Selanjutnya, keempat, SE 103 tahun 2024 tentang Pencegahan dan Pelanggaran Kampanye. Dia meminta Bawaslu daerah menjadikan SE tersebut sebagai pedoman melakukan pengawasan. "Kita mengutamakan pencegahan, penidakan adalah cara terakhir untuk memastikan semua proses benar, tapi bukan berarti berhenti pada pencegahan," katanya.
"Begitu dicegah tidak bisa, diimbau tidak bisa, dikasih saran perbaikan tidak bisa, maka harus ditindak," sambungnya.

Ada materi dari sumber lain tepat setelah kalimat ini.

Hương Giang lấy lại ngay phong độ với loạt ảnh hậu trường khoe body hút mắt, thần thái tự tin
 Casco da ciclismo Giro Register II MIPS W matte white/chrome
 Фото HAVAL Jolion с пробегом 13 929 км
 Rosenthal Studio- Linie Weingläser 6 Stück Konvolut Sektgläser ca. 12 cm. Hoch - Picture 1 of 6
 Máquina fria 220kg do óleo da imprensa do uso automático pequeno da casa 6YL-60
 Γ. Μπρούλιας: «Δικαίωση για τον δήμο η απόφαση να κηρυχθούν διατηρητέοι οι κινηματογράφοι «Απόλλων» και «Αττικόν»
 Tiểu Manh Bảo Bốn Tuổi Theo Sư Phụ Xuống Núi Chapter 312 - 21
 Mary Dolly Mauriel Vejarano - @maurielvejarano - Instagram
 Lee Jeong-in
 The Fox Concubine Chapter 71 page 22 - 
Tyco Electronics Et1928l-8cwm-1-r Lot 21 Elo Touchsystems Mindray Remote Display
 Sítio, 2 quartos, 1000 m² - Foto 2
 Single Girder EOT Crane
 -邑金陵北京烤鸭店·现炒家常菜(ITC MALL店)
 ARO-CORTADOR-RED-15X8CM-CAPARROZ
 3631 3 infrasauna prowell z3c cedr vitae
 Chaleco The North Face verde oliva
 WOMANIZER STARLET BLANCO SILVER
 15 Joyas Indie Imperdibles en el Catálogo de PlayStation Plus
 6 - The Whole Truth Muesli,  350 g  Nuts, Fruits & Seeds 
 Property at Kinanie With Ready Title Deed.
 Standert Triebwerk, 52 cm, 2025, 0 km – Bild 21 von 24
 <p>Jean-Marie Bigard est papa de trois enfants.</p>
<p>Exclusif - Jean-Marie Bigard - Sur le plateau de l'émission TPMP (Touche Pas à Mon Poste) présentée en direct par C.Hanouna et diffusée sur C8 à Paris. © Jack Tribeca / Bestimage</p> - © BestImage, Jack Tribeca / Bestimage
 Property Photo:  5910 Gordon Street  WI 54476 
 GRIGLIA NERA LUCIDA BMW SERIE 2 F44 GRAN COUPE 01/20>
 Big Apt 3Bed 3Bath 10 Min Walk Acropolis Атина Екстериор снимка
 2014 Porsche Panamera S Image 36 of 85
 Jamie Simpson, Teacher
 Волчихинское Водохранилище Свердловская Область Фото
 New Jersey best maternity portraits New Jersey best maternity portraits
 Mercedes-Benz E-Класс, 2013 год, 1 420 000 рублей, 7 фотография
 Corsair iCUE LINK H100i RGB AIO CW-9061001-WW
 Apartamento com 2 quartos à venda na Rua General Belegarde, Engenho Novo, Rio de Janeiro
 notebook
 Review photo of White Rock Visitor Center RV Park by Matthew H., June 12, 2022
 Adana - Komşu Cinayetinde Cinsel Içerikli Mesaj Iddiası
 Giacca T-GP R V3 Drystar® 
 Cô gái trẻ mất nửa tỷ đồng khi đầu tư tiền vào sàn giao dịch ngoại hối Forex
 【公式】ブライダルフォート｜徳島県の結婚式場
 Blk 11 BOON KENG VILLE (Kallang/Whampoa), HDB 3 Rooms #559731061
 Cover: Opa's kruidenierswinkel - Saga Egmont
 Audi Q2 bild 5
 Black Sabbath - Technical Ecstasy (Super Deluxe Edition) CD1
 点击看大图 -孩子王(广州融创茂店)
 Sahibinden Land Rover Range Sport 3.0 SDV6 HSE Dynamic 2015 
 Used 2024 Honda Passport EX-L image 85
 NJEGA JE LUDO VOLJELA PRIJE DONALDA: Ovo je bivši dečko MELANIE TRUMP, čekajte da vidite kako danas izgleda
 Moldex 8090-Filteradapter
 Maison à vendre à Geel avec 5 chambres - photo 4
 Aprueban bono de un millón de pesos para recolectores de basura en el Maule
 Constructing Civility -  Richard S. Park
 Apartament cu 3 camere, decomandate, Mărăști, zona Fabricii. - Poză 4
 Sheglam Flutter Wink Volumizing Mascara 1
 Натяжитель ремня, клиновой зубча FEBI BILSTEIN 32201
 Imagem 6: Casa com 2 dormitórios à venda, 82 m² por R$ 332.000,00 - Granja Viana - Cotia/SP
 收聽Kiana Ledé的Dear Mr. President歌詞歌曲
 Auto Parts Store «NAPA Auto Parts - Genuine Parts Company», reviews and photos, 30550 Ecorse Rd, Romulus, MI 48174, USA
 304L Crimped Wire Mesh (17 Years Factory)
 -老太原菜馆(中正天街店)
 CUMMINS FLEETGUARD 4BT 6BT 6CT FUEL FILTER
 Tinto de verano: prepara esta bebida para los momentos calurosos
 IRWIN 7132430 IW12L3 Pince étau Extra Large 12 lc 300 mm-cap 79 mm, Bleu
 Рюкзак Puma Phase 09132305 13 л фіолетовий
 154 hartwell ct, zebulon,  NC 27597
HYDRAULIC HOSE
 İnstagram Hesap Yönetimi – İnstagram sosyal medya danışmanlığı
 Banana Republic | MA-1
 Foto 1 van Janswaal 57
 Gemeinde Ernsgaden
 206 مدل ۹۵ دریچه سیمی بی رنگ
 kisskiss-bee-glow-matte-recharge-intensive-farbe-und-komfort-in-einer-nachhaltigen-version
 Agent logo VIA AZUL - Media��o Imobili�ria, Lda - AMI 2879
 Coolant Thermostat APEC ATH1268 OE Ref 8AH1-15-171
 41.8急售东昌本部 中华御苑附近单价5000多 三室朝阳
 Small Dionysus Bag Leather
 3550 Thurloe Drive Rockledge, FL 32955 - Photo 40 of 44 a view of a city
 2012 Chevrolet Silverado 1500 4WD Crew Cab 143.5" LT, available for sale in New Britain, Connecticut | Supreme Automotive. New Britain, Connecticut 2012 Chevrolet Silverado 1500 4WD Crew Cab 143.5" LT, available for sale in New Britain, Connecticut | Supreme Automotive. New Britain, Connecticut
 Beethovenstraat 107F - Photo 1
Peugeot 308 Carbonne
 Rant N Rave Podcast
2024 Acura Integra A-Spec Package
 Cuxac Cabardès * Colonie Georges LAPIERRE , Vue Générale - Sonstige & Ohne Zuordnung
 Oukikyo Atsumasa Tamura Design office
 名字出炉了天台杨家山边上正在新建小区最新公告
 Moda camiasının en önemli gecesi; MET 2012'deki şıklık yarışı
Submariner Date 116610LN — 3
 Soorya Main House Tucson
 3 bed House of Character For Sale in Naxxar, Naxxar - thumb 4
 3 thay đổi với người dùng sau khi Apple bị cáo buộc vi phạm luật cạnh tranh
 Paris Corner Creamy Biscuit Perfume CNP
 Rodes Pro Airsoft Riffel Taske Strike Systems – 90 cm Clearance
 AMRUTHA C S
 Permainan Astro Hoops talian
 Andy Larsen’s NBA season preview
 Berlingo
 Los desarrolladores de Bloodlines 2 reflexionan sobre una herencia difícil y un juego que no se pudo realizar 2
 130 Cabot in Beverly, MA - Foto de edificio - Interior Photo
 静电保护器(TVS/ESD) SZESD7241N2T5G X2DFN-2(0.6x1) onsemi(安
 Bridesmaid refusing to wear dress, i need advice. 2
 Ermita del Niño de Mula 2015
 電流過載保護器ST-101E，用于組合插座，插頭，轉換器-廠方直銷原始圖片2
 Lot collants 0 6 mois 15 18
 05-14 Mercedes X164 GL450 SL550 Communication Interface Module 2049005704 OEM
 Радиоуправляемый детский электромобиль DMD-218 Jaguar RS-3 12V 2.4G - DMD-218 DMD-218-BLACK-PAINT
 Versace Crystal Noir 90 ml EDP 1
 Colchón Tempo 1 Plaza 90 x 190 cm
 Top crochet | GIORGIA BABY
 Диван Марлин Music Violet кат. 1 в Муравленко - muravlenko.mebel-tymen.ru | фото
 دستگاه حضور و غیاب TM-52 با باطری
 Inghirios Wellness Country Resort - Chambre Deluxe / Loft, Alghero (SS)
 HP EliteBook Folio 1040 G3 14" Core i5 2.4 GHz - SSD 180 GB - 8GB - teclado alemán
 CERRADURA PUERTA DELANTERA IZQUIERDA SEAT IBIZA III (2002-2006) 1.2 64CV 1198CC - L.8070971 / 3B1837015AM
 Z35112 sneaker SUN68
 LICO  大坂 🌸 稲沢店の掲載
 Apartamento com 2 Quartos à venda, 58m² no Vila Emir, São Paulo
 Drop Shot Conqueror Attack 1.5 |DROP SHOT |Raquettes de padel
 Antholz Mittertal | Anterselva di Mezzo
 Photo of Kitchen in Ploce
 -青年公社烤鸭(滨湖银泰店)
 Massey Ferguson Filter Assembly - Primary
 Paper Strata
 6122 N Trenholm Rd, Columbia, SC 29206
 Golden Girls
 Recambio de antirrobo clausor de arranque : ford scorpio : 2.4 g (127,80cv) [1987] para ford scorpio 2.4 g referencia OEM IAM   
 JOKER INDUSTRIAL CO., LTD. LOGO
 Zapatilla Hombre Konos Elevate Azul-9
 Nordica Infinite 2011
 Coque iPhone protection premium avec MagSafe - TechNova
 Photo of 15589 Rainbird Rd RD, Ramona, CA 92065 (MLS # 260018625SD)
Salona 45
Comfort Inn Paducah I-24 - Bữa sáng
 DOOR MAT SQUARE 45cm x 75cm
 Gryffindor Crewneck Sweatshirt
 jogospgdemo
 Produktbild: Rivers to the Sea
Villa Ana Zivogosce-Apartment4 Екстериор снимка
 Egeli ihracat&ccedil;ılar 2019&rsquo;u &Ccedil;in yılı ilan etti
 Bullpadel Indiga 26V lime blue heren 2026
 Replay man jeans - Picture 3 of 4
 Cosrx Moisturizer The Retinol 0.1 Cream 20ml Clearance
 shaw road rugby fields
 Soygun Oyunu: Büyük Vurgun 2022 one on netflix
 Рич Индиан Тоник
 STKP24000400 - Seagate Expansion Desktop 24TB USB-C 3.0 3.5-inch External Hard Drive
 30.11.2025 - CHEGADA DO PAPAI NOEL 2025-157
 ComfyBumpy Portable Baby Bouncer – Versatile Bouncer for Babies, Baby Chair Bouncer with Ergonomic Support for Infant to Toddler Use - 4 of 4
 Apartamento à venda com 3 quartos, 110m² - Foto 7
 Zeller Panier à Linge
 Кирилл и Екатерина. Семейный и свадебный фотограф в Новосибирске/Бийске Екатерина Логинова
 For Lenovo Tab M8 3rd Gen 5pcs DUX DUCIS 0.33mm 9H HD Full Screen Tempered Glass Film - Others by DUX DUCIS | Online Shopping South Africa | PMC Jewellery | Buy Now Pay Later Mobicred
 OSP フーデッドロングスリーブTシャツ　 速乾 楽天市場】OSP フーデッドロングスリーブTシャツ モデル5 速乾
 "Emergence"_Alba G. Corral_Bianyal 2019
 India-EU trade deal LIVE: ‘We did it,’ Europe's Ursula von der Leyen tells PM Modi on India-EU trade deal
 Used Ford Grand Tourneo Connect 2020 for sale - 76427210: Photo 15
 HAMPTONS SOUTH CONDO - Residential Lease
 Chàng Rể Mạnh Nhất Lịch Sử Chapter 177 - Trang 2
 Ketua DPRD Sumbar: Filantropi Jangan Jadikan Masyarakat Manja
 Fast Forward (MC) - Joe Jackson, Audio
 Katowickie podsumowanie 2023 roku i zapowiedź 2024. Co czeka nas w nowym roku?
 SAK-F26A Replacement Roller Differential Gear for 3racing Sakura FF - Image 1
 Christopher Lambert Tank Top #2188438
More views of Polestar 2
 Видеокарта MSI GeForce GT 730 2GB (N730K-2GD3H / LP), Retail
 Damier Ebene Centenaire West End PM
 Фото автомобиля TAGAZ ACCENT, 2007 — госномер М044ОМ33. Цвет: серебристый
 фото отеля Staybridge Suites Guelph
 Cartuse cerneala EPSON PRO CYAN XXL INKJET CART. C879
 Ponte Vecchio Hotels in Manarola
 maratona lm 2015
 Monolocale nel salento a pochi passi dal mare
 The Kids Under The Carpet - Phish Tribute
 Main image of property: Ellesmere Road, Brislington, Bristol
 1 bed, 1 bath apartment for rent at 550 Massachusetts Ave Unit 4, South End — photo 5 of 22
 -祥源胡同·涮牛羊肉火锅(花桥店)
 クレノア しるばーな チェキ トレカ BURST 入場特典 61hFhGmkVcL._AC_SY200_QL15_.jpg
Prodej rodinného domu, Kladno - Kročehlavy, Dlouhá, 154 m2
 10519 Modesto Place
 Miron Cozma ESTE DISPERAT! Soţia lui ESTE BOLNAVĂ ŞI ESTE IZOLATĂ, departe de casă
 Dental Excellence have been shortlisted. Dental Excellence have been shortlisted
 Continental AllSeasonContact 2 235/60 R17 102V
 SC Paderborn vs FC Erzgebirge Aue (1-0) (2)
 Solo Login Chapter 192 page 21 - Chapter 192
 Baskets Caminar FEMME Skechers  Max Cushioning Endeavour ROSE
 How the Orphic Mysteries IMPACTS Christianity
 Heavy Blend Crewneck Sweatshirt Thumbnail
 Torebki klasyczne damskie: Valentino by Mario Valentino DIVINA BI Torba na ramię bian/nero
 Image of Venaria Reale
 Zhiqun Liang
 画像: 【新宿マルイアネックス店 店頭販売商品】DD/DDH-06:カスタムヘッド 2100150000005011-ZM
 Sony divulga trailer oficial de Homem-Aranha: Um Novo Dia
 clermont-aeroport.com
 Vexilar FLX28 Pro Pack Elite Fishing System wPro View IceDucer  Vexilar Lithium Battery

Kelima, SE tahun 109 tentang pencegahan pelanggaran pengadaan logistik. Menurutnya, banyak sekali aspek yang harus dipastikan tidak hanya sesuai spesifikasi, tetapi harus tepat waktunya, dan tepat distribusinya.
"Saya harap setelah konsolidasi ini tidak ada lagi lagi situasi dan dinamika yang terjadi di lapangan yang tidak dikomunikasikan ke jenjang yang di atasnya termasuk ke Bawaslu RI. Termasuk, menindaklanjuti instruksi ketua Bawaslu atau SE Bawaslu yang telah terbit, sebab gagasan harus sama, data harus sampai dari bawah ke atas. lalu tindakan harus sama dengan realitas yang berbeda-beda," pesannya.
Ketua Bawaslu Rahmat Bagja dalam konsolidasi tersebut menjelaskan SE 111 tahun 2024 tentang penangan isu krusial dalam pengawasan pemilihan serentak 2024. Pertama, kampanye oleh pejabat daerah. Kedua, Ajakan atau seruan atau imbauan masyarakat untuk memilih/tidak memilih Kolom Kosong atau mencoblos lebih dari satu pasangan calon:
Ketiga, kata dia, pemaknaan Pasal 70 ayat (1) UU Pemilihan status kehadiran atau keikutsertaan ASN dalam kampanye pemilihan.
"ASN ikut kampanye pelanggaran peraturan perundang-undangan lainnya. ASN terdiri atas PNS dan P3K, termasuk honorer tidak diperkenankan ikut dalam kampanye, tidak boleh berpihak krn ada perjanjiannya kerja dengan pemda atau instansinya," jelasnya
Keempat, pemaknaan kampanye di luar jadwal, kelima, biaya makan minum, transportasi peserta dan hadiah dalam kampanye, dan keenam, alat peraga kampanye dan bahan Kampanye.
"Termasuk isu-isu krusial kampanye lainnya diantaranya jabatan tenaga ahli atau staf khusus atau sebutan lain dengan status non ASN yang bekerja di lingkungan instansi pemerintahan, tidak boleh memakai fasilitas instansi yang bersangkutan," tegasnya.